A verbatim transcription of the listing below is required, without its pictures.

AVAILABLE DATA START

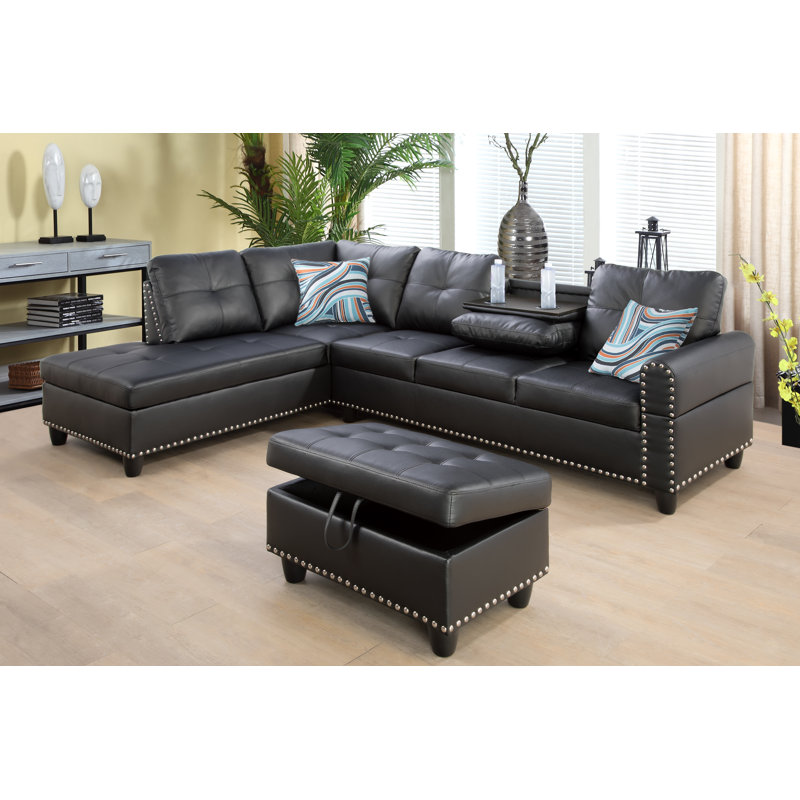 Plyler 97.2" Wide Modular Sectional with Ottoman, Black Faux Leather, Left Hand Facing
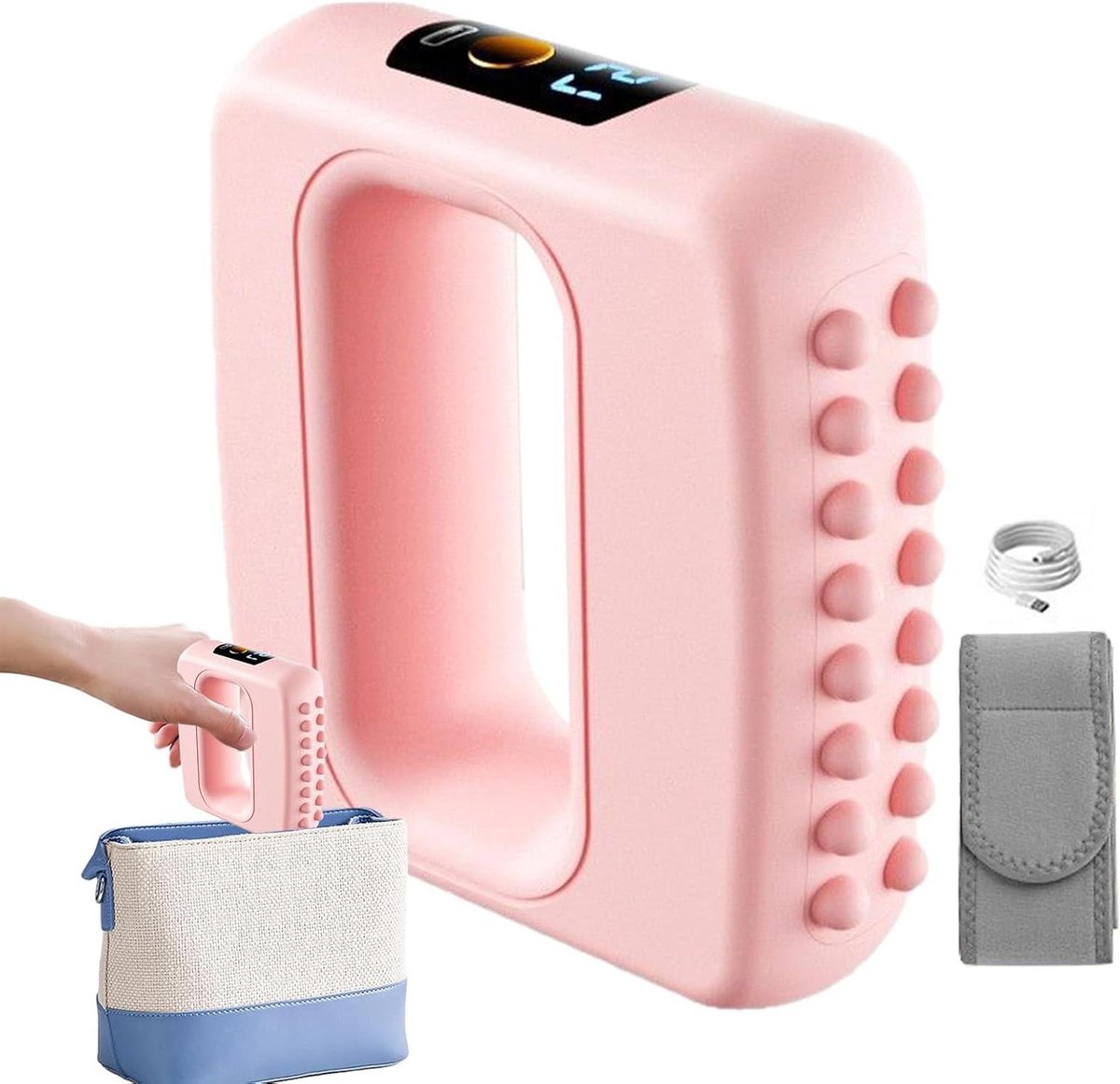 Fascia Ring - Massage Tool - Spierontspanning - 360 graden trillingen - 12.5 x 14.5 cm - Roze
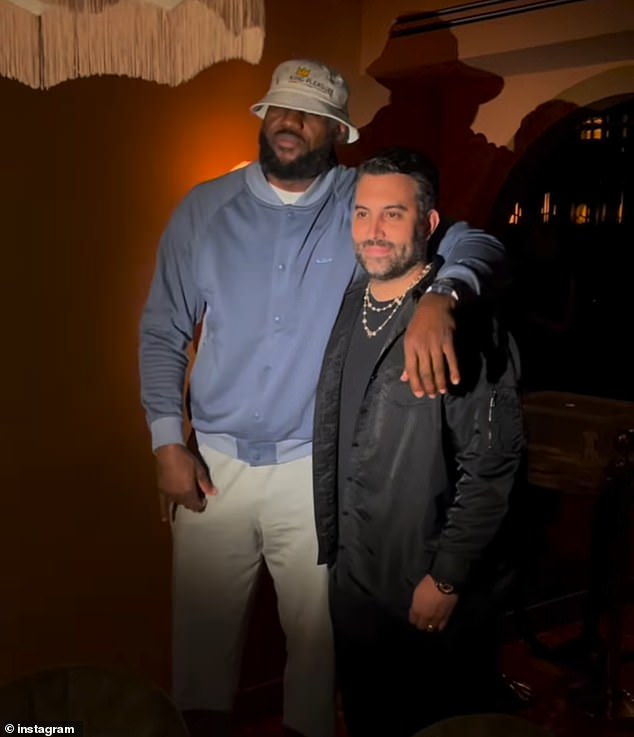 LeBron James is pictured hanging out with restaurateur Mehdi Abdelhedi in Siena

AVAILABLE DATA END

• SOLUTION:
 Plyler 97.2" Wide Modular Sectional with Ottoman, Black Faux Leather, Left Hand Facing
 Fascia Ring - Massage Tool - Spierontspanning - 360 graden trillingen - 12.5 x 14.5 cm - Roze
 LeBron James is pictured hanging out with restaurateur Mehdi Abdelhedi in Siena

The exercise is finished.